■ **EXERCISE INSTRUCTIONS**:
Every line of the records below that holds the word "featuring" should be copied out.

■ **DATASET**:
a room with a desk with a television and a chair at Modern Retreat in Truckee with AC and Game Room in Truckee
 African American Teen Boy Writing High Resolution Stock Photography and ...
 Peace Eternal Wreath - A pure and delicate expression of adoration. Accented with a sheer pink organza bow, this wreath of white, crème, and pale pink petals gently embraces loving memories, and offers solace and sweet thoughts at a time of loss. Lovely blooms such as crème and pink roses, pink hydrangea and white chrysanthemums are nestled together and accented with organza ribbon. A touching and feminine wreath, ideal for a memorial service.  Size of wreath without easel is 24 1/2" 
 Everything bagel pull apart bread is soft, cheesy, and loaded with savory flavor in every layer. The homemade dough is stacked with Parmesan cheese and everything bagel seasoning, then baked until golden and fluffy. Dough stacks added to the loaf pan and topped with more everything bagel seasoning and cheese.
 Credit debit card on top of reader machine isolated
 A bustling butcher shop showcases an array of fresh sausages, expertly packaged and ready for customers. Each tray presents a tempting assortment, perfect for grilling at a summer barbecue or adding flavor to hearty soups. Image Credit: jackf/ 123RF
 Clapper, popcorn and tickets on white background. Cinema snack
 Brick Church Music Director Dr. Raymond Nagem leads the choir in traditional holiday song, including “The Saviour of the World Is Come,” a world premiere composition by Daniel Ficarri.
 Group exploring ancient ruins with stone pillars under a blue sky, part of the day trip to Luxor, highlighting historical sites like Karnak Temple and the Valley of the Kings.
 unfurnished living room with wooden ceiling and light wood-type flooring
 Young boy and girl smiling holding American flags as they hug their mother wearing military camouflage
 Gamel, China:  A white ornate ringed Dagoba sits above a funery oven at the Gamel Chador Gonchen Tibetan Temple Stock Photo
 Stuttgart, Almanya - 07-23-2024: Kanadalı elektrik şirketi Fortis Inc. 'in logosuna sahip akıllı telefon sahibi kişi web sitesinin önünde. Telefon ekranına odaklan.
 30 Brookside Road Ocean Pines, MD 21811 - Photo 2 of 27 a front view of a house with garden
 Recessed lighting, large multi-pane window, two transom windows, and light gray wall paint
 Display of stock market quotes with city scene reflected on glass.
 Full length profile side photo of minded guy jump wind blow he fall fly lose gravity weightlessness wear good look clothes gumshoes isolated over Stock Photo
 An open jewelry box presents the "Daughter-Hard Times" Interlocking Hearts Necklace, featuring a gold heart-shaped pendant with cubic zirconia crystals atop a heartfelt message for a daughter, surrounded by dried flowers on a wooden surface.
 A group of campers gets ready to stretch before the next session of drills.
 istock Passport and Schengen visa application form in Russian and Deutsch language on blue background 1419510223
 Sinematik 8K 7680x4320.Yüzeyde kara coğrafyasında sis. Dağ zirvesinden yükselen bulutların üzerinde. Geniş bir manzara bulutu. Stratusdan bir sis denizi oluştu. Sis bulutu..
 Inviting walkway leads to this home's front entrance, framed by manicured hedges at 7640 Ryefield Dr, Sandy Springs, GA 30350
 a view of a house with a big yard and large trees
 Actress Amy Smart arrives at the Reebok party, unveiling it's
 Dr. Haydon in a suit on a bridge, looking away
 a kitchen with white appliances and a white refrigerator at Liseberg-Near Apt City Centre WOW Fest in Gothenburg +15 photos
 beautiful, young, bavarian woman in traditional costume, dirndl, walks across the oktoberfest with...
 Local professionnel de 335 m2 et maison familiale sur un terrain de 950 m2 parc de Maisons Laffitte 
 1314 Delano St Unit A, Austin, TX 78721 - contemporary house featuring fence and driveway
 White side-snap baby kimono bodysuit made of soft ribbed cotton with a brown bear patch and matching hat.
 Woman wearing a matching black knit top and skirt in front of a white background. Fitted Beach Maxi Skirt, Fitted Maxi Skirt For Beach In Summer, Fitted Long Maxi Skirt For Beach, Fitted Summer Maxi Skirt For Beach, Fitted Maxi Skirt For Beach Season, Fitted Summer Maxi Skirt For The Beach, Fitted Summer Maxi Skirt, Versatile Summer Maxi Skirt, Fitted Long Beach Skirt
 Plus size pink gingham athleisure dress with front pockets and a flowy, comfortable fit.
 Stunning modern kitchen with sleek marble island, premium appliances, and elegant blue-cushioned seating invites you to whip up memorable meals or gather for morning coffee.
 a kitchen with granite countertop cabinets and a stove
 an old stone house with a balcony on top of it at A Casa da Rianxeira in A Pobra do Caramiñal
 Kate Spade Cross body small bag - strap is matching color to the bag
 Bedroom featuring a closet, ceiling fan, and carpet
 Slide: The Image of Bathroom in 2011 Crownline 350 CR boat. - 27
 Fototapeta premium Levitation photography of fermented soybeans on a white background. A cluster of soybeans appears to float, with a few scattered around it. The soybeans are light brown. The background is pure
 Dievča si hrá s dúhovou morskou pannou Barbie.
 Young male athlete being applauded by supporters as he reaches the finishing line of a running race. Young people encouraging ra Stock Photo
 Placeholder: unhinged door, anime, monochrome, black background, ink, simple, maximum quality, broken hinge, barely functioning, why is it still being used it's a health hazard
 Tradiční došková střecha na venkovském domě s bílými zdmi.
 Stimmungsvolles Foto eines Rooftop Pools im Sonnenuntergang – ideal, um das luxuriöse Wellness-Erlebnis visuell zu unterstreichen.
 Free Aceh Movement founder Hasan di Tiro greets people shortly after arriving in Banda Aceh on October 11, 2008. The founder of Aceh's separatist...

■ **RESULT FOR THIS EXERCISE**:
 An open jewelry box presents the "Daughter-Hard Times" Interlocking Hearts Necklace, featuring a gold heart-shaped pendant with cubic zirconia crystals atop a heartfelt message for a daughter, surrounded by dried flowers on a wooden surface.
 1314 Delano St Unit A, Austin, TX 78721 - contemporary house featuring fence and driveway
 Bedroom featuring a closet, ceiling fan, and carpet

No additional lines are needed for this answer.